> _ASSIGNED TASK_: The required result is an exact copy of every line from the one with "Hamlet Maybank - Homes" through the last line below, with the pictures left out.

> _AVAILABLE DATA_:

****************

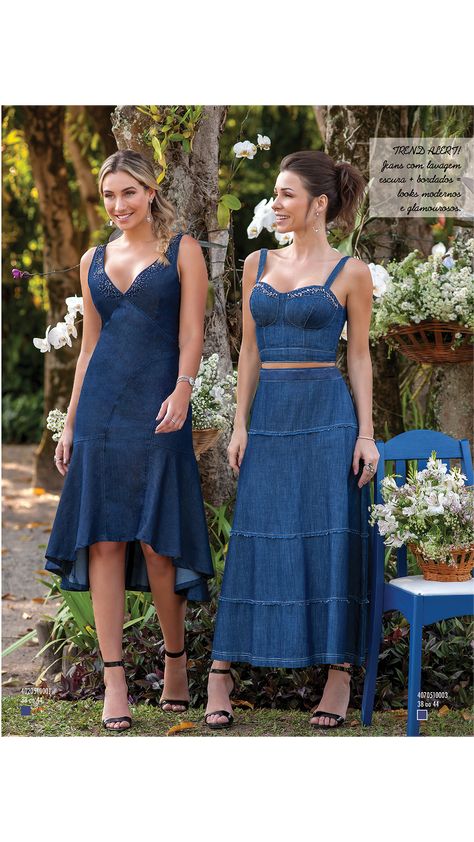 coleção final de ano, o que vestir no final de ano, flores e festas, vestido jeans, saia longa, top corselet, bustiê Spring Knee-length Denim Party Dress, Blue Denim A-line Dress, Chic Blue A-line Denim Dress, A-line Denim Blue Denim Dresses, Blue Denim V-neck Dress, Vestidos Jeans, Denim Dresses, Denim Art, Fabric Inspiration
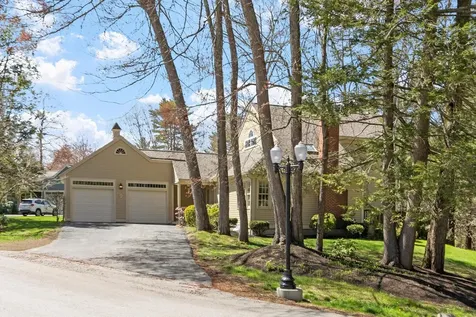 21 Peninsula Drive Stratham NH 03885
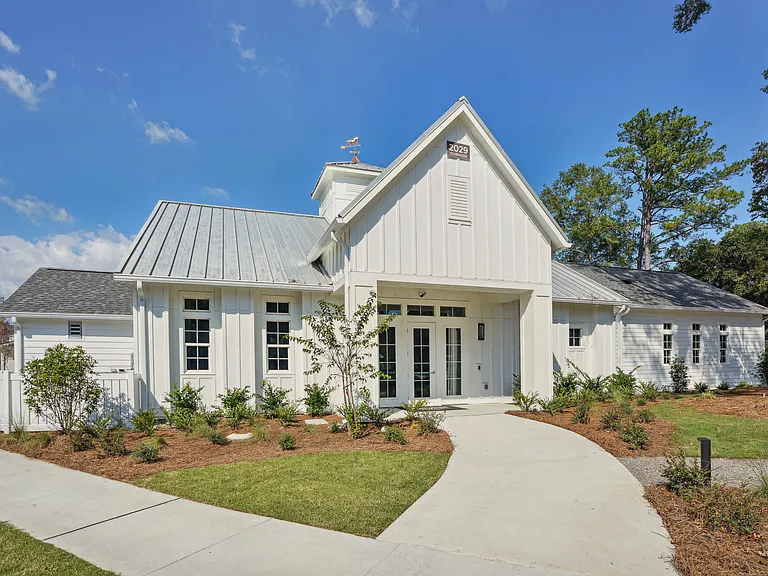 Hamlet Maybank - Homes & Townhomes for Rent — Photo 9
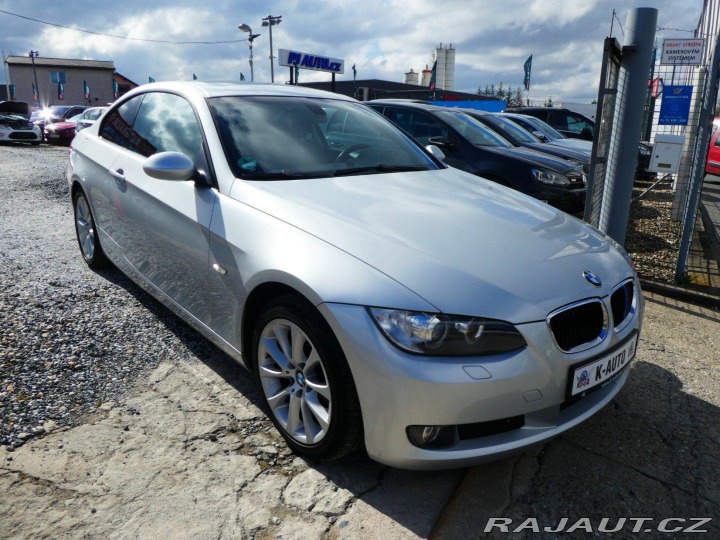 BMW 3 320i 125kW REZERVOVANO 2007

****************

> _EXPECTED ANSWER_:
 Hamlet Maybank - Homes & Townhomes for Rent — Photo 9
 BMW 3 320i 125kW REZERVOVANO 2007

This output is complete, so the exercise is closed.